In the 1930s, the Philippines was famous for its beauty pageants and carnivals that drew tourists from around the world, and resulted in influencing the fashion and beauty standards of the Filipino women. The women wore more elaborate and intricate dresses. The "Traje de Mestiza" was still popular to the people through the 1930s. Men's fashion remained the same as they continued to wear the "Americana" suit.

When 1940s came, the Philippines saw the breaking out of World War II resulting in the shortage of tailoring shops, clothing boutiques and dressmaking factories as the country was occupied by the Japanese Empire. The austerity era started when rations were implemented and the women wore simpler clothing. The terno gradually disappeared and stopped being manufactured. Only the older people wore their old terno dresses. Clothing boutiques only sold monochromatic dresses, mostly in dark tones. The shirtwaist dresses of the previous decade also became popular in the 1940s with a simpler look.

The men's fashion still remained unchanged but became a more casual as started abandoning the coat as a casual wear, and wore it only for formal wear.

During the mid-1940s, the clothing boutiques, tailoring shops, and dressmakers stopped operation as the final chapter of the World War II occurred in the Philippines. The capital city of Manila was bombed and was left 80% destroyed, and was considered being the second most devastated capital city in World War II, next only to Warsaw.

After the war, most of the people either lost their clothes or could not find new clothes. In 1946, the country began its reparation and Manila's restoration. However, the lack of dressmakers made the fashion of the 1930s and early 1940s remain popular for the rest of the decade.

1950s

When the decade started, the country saw the rise of economy, once again giving opportunities for people to have more necessities and live in the normal life. Women remained wearing the 1940s fashion during the first five years of the decade. By the late 1950s, women started to wear dresses and with floral prints and fuller knee-length skirts. The style was inspired by Christian Dior's "New Look" collection, characterized by a below-mid-calf length, full-skirt, pointed bust, small waist, and rounded shoulder line.
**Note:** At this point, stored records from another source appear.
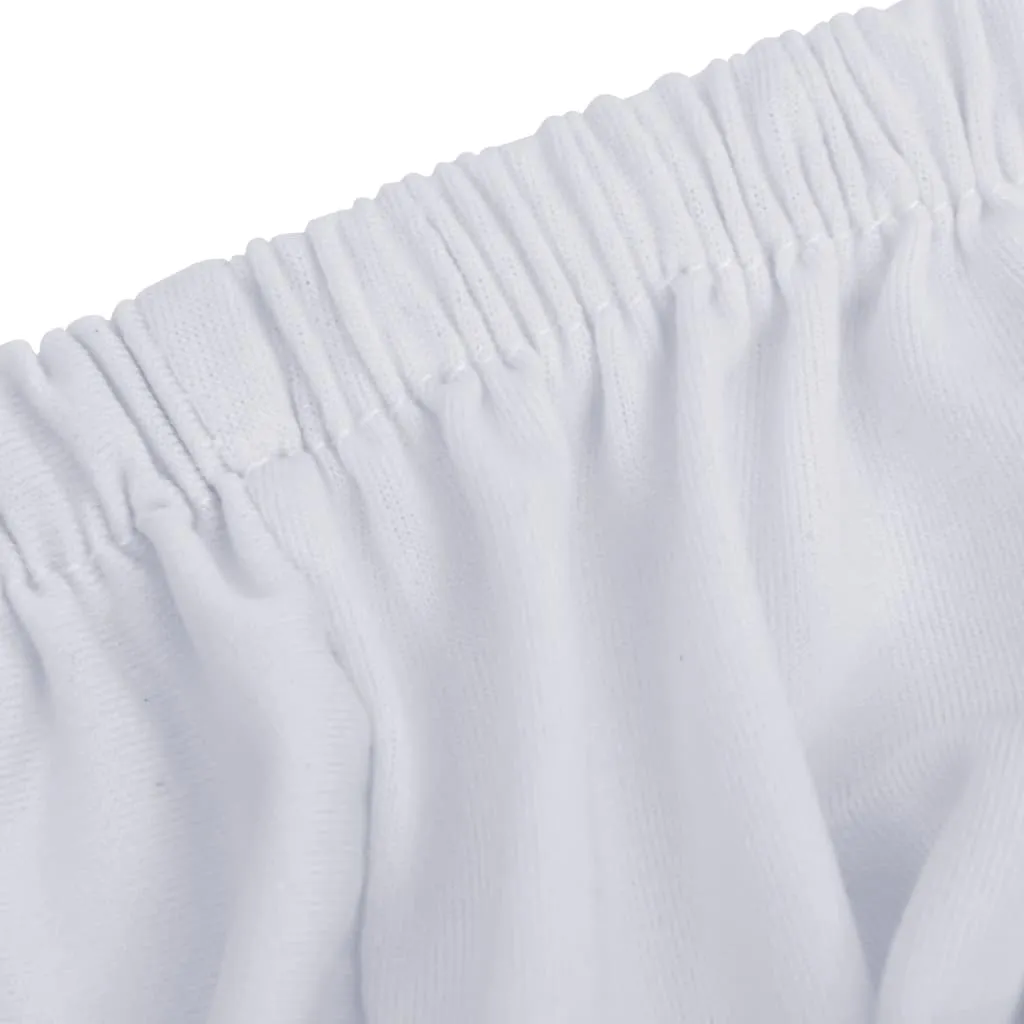 2-Seater Stretch Couch Slipcover White Polyester Jersey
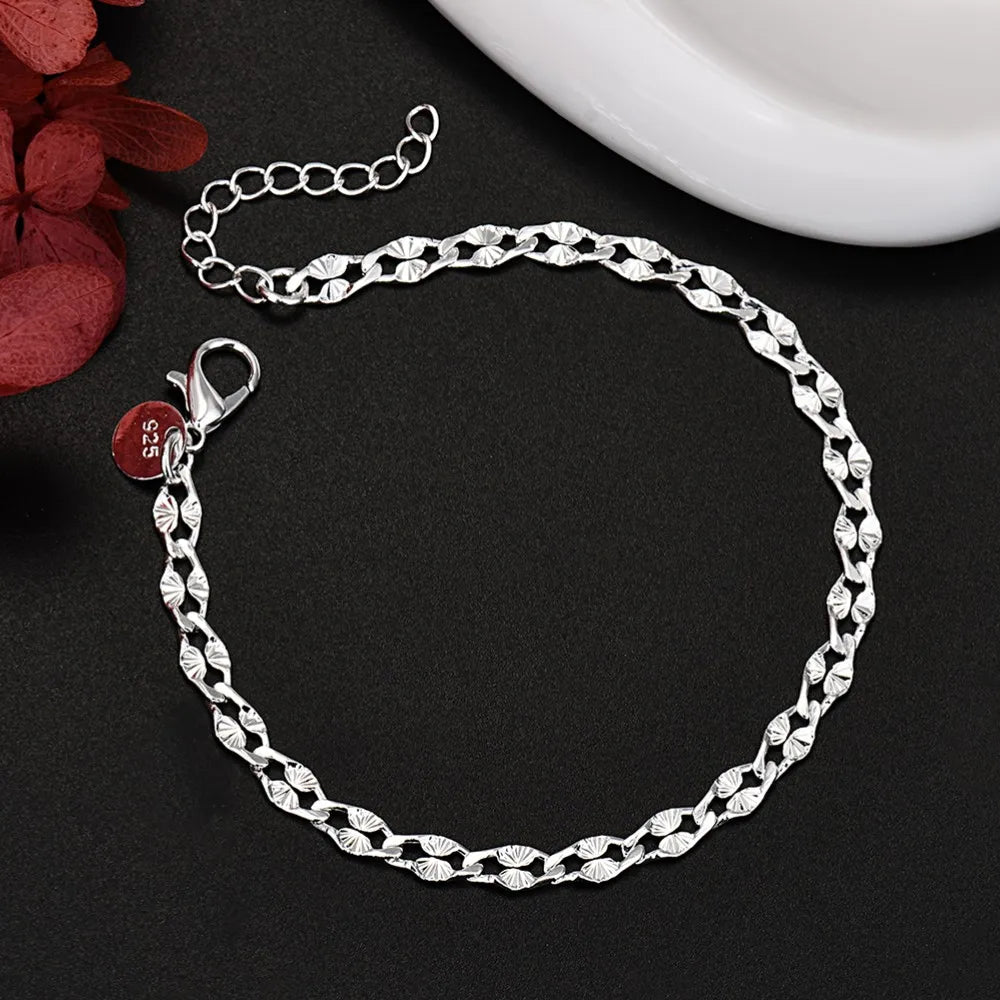 Aveuri KCRLP Cute solid 925 Sterling Silver 4MM chain bracelets for women man boy jewelry wedding party Christmas gifts 18+4cm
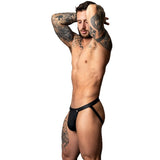 Male Power Snap Off Pouch Jock Black - Lingerie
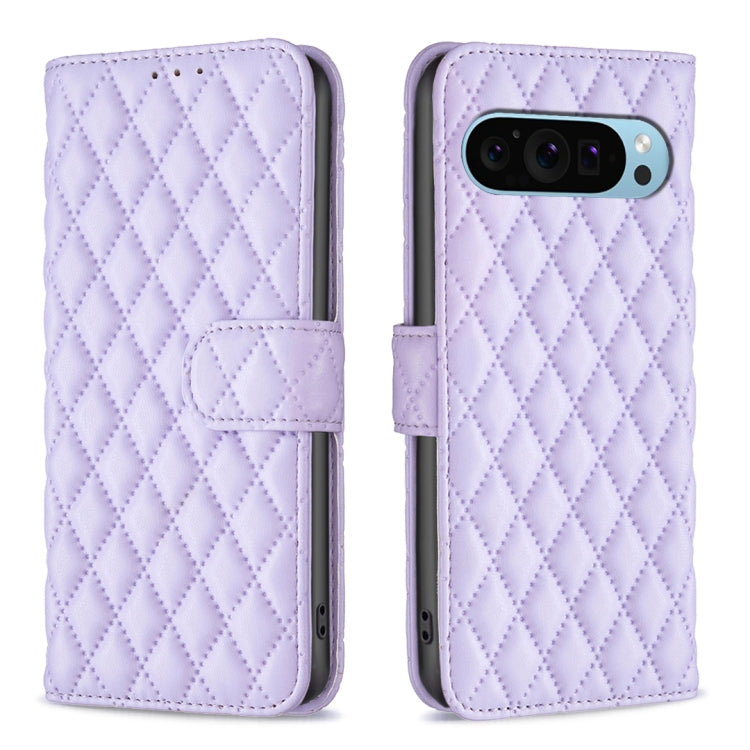 For Google Pixel 9 Diamond Lattice Wallet Leather Flip Phone Case(Purple) - Google Cases by buy2fix | Online Shopping UK | buy2fix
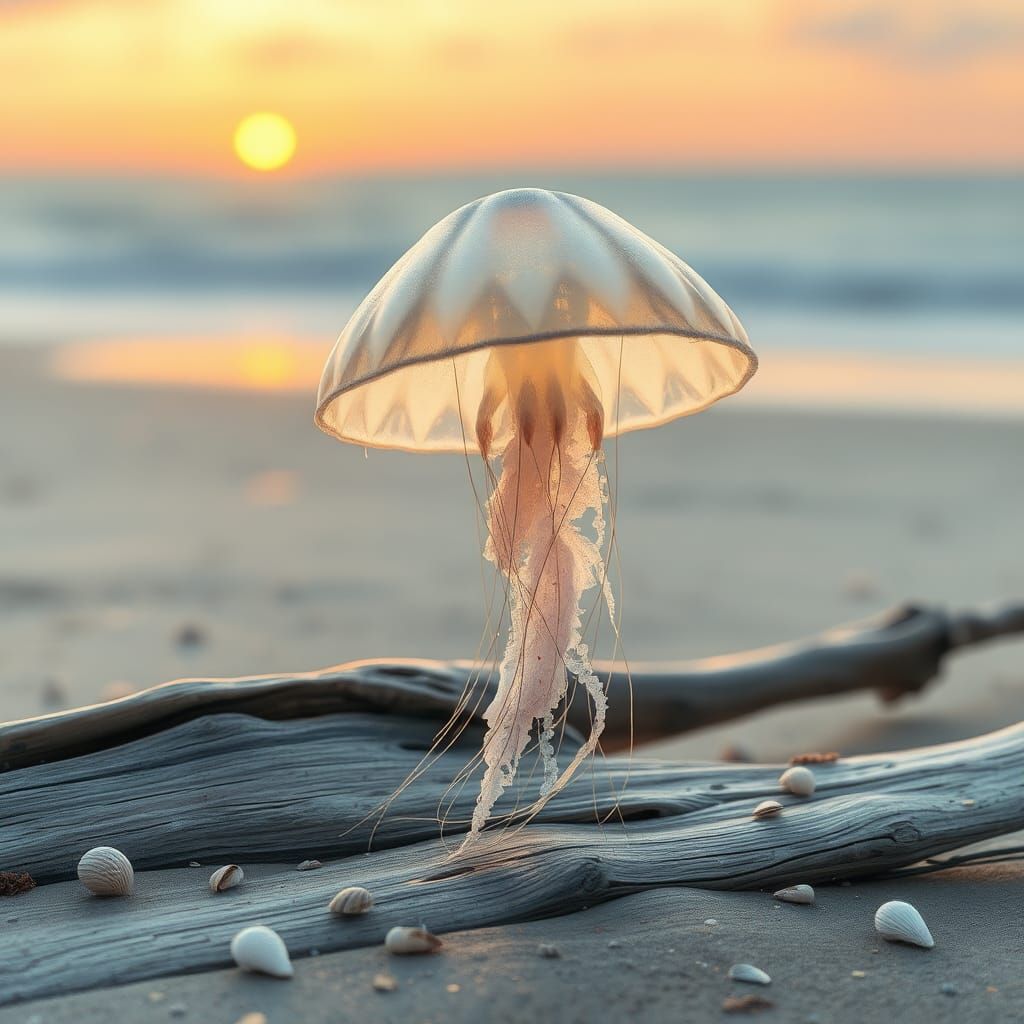 Ethereal Jellyfish on Driftwood Beach, Watercolor Illustrati...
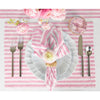 Cherry Blossom and White Amalfi Stripe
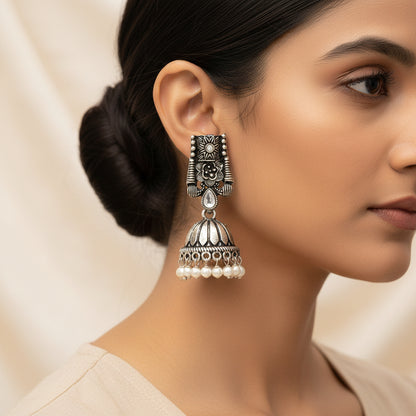 Wonderful wildflower oxidised stud earrings (Black)&Temple bells jhumki earrings (White) Combo set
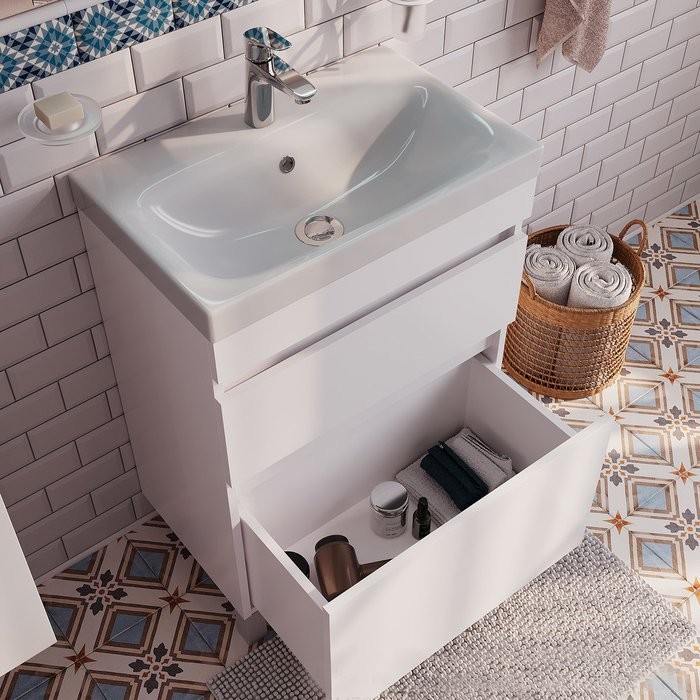 Тумба с раковиной IDDIS Zodiac 60 напольная, с ящиками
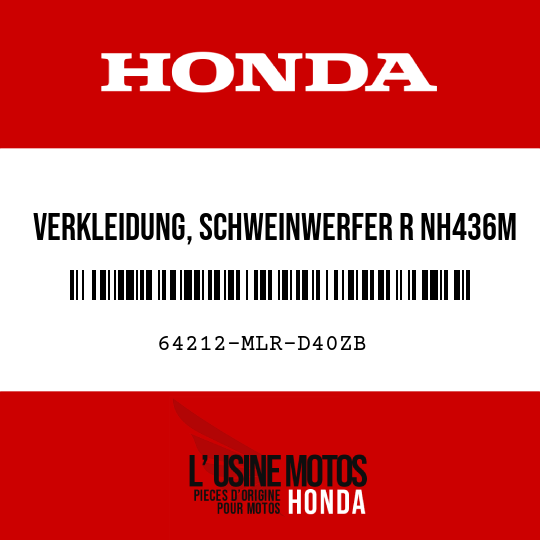 image de 64212-MLR-D40ZB VERKLEIDUNG, SCHWEINWERFER R NH436M (NH436M SCHIESSPULVER, MATTES SCHWARZ-METALLIC)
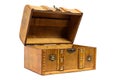 Open old wooden chest on white background Royalty Free Stock Photo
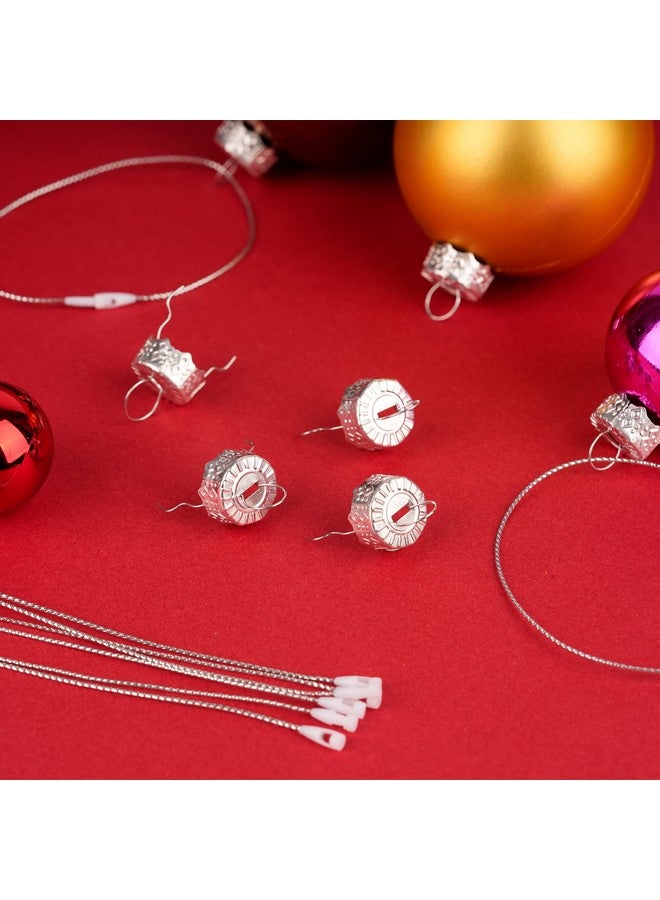 WBCBEC 100 Pieces Round Christmas Ornament Caps and Christmas Ornament Hangers String Set, Christmas Hangers Caps for Christmas Tree, Ceramic Glass Porcelain Christmas Ornaments DIY Decorations - Image 5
Summer and Day dresses became popular, as well as the pencil skirts and cardigans.

Men's fashion changed slightly as the men started wearing youthful clothing such as sweaters, colorful printed polos, pants and flannels. "Chinos" became popular as well as white tee shirt, tartan plaids. The drape cut suits remained popular for formal wear.

The Barong Tagalog became popular once again to be worn as a formal wear, popularized by the then-President Ramon Magsaysay. The Terno was rarely worn by young women everyday; however, it was still worn at formal events such as galas, national events, government parties and film festivals.

1960s

When the 1960s entered, most of the styles from the late 1950s still remained; however, due to the rise of British pop culture that spread in United States and other parts of the world, fashion started to change. A new kind of dress invented by Mary Quant, called the miniskirt, mini dresses started to become popular and mod style fashions also emerged. Hair became very stylish as the hair were styled bigger and higher with the use of hairspray. By the mid-1960s, the hemlines rose and the clothes loosened, influenced by the mod culture.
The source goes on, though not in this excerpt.